彼女の異常とも見て取れる行為に今更追求するつもりもない。

「私直々に言わせたいのかもしれないけれど、残念ながら叶えられない話ね」

「ほう…そりゃあホント残念だ。なら俺から聞こう。あの義骸、朽木家の令嬢さんだろ」

「ルキアの精密検査に私を組み込んだのは何故?」

「友人を弄るなんて滅多にない経験をさせてやったんだ、粋な上司を有り難く思え。」

「お礼ならあんな貴重な義骸を触らせてくれた事柄のみに関して述べるから」


ここまで言っても彼女の飄々とした態度は変わらず、喋る俺の方が余裕を失いそうになる。寧ろ俺が追い詰められそうだ。
だが次の一言で無意識に笑みが零れる。


「霊子構成の記録がないってことは、やはり現世に追放された奴ぐらいしか考えられない、か」

「誰の話をしてるんだか」


何でもないようで、少しばかり動揺の色を見せた名前を楽しみつつ、俺は椅子から立ち上がってじわりじわり壁へと追い詰める。

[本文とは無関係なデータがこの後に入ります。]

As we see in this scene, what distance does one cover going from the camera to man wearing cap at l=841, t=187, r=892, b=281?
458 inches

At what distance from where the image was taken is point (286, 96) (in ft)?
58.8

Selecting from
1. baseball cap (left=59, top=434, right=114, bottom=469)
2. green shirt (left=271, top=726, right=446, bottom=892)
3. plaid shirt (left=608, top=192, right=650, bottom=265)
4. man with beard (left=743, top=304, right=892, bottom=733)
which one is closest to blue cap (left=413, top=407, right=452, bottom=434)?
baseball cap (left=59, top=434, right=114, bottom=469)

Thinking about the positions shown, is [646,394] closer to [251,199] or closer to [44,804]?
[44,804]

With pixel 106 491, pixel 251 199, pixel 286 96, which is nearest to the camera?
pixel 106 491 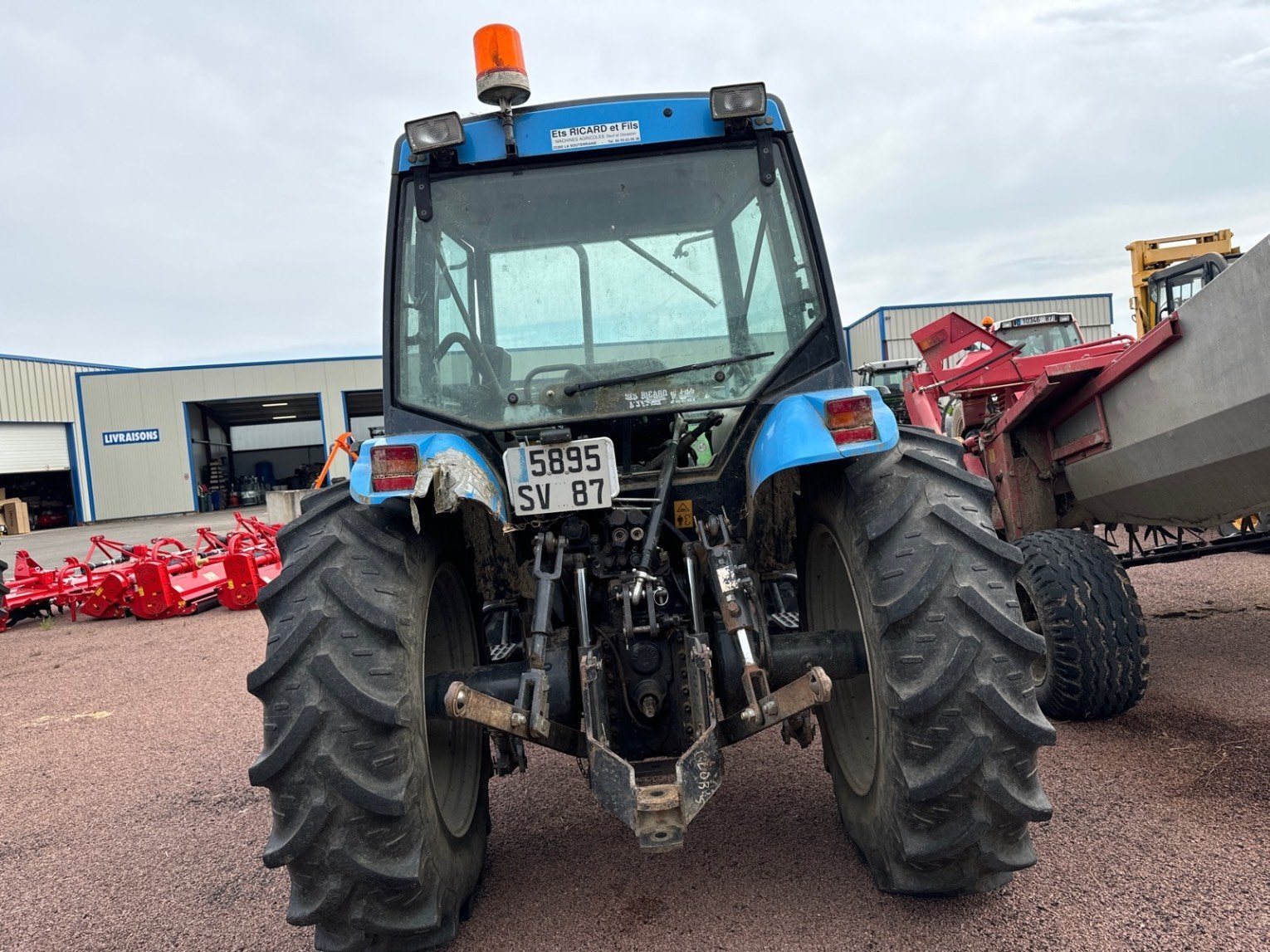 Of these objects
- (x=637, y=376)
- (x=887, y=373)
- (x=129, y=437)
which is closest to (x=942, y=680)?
(x=637, y=376)

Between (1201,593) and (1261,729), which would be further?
(1201,593)

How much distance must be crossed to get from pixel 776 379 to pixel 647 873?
5.20 ft

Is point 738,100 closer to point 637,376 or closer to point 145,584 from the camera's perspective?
point 637,376

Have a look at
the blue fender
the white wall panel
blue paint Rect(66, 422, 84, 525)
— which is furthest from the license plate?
the white wall panel

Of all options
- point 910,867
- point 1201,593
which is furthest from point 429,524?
point 1201,593

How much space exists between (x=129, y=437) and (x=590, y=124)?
31.8 metres

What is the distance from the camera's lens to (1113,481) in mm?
3902

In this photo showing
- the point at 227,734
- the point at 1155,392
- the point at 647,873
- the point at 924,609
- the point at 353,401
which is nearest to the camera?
the point at 924,609

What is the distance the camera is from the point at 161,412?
2970 centimetres

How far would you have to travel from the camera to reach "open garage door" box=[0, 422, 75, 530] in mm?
28891

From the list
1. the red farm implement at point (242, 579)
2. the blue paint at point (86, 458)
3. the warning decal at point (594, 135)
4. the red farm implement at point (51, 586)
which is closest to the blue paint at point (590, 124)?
the warning decal at point (594, 135)

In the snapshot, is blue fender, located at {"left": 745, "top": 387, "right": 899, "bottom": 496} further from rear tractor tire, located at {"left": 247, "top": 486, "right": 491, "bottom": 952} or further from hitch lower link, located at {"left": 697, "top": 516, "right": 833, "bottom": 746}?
rear tractor tire, located at {"left": 247, "top": 486, "right": 491, "bottom": 952}

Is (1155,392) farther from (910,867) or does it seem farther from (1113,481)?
(910,867)

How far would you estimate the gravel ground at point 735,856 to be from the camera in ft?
7.66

「おいおい、初代局長へ片思いしてた奴の台詞とは思えないな」

「やめてよ」

「やめねぇよ」


無機質な壁に背後を取られた名前の両脇に手を付いて逃げ場を無くす。彼女の表情は崩れかかっていて思わず優越感に浸ってしまう。

今、彼女の全てが自分の手の平にあることに。


「俺は名前のそういう顔が見たかったんだ」

だから、油断していた。











「ばーか」

いきなり微笑んだ彼女に驚いて相当な阿呆面をさらけ出していたんだと思う。


「今更な事引っ張り出すなって」

「はっ……未練たらたらな奴が言う台詞かよ、浦原隊長の事も」

「わかって、る」

「わかっていないのは名前だ」

再び形勢逆転。
自分の腕が届く範囲にいる彼女は好きだ。涙目で睨まれれば尚更で……。


「…そそられるじゃねえか」

「っ、」

「一回俺のモノになって見ろって」



緩やかに腰のラインをなぞれば、ひくりと強張る表情と身体。熱っぽい空気が纏わり始める。



「……さぁ、い」

「あ?」

「うるさあいっっ!!」

「っ―――――!」


怒号と共に今度はこちらの呼吸が詰まる番になった。蹴られた所は所謂男全般の急所であって、脳天にまで痛みがほとばしり悶絶に顔を歪める。


「いい眺めね、本当に」



屈み込む格好で名前を睨むとそいつは、最初の俺のように涼しい顔で言葉を発してみせた。


「私にここまでの仕打ちをしといてただで済む馬鹿が何処にいるってんのよ。まず段取りから違う」

「好きな奴を取り込むのに手段も糞もあるかよ」

からかうつもりで呟いた筈が、予想外とでも言うように名前の目が見開く。











「奪ってみなさいよ」

鼻で笑う彼女の表情は部屋を出ていった後も脳裏に残って離れようとしない。



そして、その思いは愛する感情よりも脳内を侵す。

















「あぁ、手段は選ばないさ」







規則は破られる為にある




「あなたに名前を呼ばれた時、少しだけどきりとしたのよ」













後書き:テーマはドS対S。
閖よ、ネタ提供さんくす。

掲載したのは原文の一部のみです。